The thing to keep in mind here is that EVERY property of a foreign
table is subject to change at any arbitrary point in time, without our
knowledge. The very existence of the table, the names of its columns,
the types of those columns, and any additional constraints on that
columns are all things that can vary between the declaration and
what's actually present, and can be subsequently changed on the remote
side at any time. Why should CHECK constraints be any different than,
say, column types?

> (2) It will be hard for users to understand the planner benefits or the
> consequences when the constraint is not enforced.

Why should that be any worse with foreign tables than anything else?
I mean, lots of people, as things stand today, manage to set up
partitioned tables using CHECK constraints. There are undoubtedly
people who don't understand the planner benefit of having an
appropriate CHECK constraint on each partition, but it's not exactly a
common cause of confusion.

> That being said, I can imagine good use cases (like when the foreign
> table is in postgres, and already has that constraint declared), so I'm
> not outright opposed to it.
>
>> #1 is not a reasonable alternative for foreign
>> tables because we lack enforcement power in that case,
>
> Right.
>
>> and #2 is also
>> not reasonable, because the only point of allowing declarative
>> constraints is to get better performance, and if we go with #2 then
>> we've pretty much thrown that out the window.
>
> Declared constraints can improve the plans, while runtime-enforced
> constraints slow down execution of a given plan. I'm not really sure
> whether runtime enforcement is a good trade-off, but it doesn't seem
> like an obviously bad one.

It seems to me that the term runtime enforcement is a misnomer; you
can't really "enforce" anything about a foreign table. You can throw
an error if the data doesn't meet expectations, but by that time the
cat is already out of the bag. The purpose of a CHECK constraint on a
plain table is to prevent bad data from going into a table, not to
throw an error when retrieving previously-inserted bad data. If we
were to propose changing the semantics from the former to the latter,
we'd be laughed out of town, and rightly so.

> Also, what did you mean by "the only point of allowing declarative
> constraints is to get better performance"? Maybe the user wants to get
> an error if some important assumption about the remote data source is
> not as true as when they declared the constraint.

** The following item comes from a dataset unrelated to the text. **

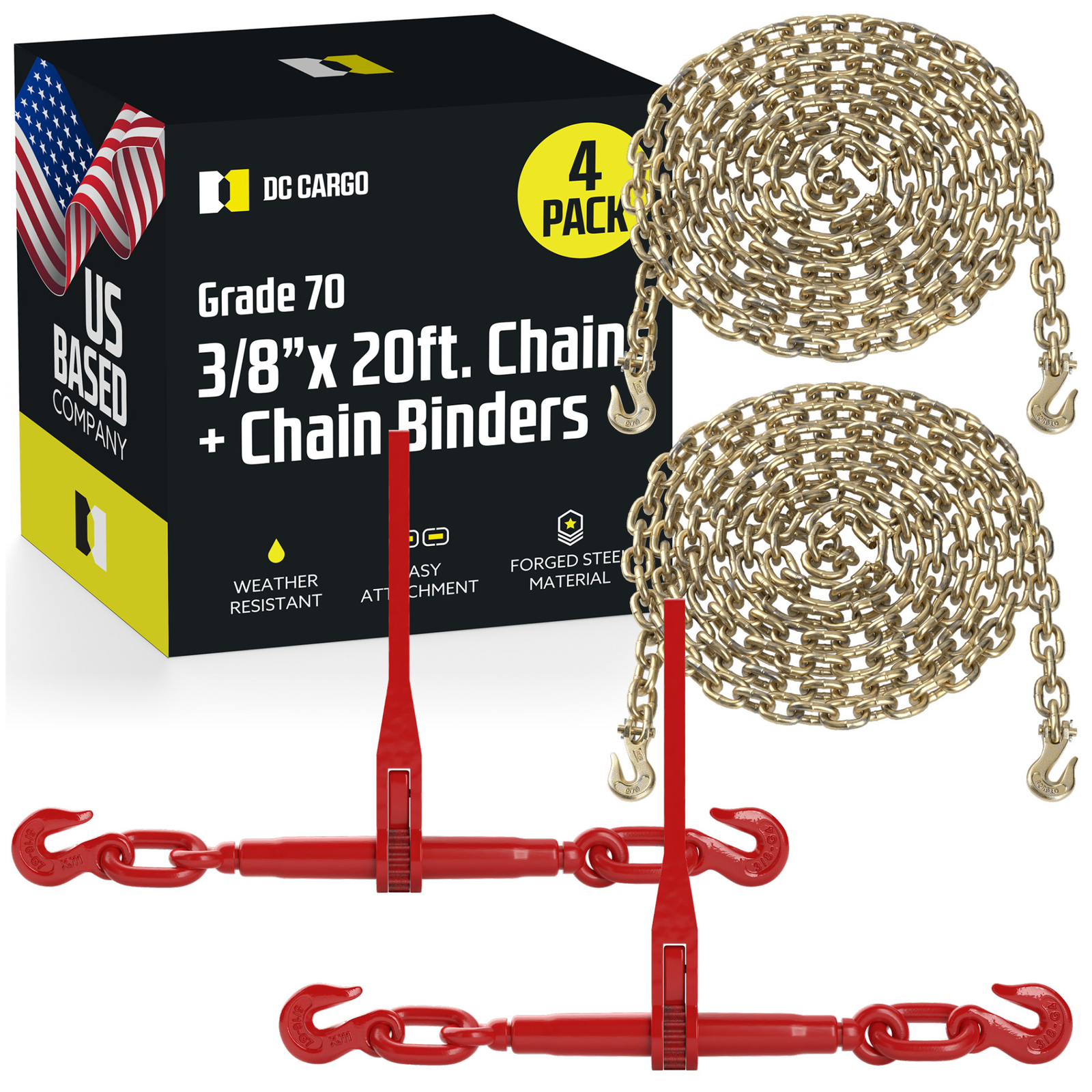 DC Cargo Grade 70 Transport Chain & Ratchet Binder Kit, 20′, 3/8″, 2-pack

I think that need is going to be best served by issuing a query to
validate whatever constraint you're interested in, i.e. SELECT * FROM
foreign_table WHERE NOT (whatever_i_am_assuming). I mean, let's
suppose that we were to allow unique constraints on foreign tables.
This is clearly useful, because, for example, it would allow join
removal in a case like local_table LEFT JOIN foreign_table ON
local_table.id = foreign_table.id; and it would also allow a
selectivity estimate of -1 for that column. But are you going to
validate that the column in question is still unique every time you
access the table? Presumably not; you'd have to read and sort the
entire table to do that. Now, if the query is something like "SELECT
* FROM foreign_table WHERE id = 1", you could fairly cheaply validate
that there is only one row with id = 1, but that's not the same thing
as validating that the assumption (namely, that foreign_table (id) is
unique) is still true. And if the query is "SELECT
max(some_other_column) FROM foreign_table", you can't really validate
anything at all, or at least not without a lot of extra overhead.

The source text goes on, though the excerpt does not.